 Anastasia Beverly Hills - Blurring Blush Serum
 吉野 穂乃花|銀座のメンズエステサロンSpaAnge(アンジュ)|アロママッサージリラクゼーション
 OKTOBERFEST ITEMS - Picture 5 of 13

* * * *

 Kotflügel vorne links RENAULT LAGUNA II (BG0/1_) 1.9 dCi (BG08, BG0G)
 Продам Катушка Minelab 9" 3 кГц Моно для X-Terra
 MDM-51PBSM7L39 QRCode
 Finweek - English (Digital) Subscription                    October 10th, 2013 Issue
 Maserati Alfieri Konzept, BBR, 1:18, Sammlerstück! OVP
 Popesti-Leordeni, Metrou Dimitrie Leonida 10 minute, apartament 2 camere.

* * * *

WHAT YOU ARE ASKED TO DO: Scan the entries above for the line containing "吉野 穂乃花|銀座のメンズエ", and copy it and all lines after it exactly, down to and including the line containing "OKTOBERFEST ITEMS - Picture 5 of 13".

PROBLEM SOLUTION:
 吉野 穂乃花|銀座のメンズエステサロンSpaAnge(アンジュ)|アロママッサージリラクゼーション
 OKTOBERFEST ITEMS - Picture 5 of 13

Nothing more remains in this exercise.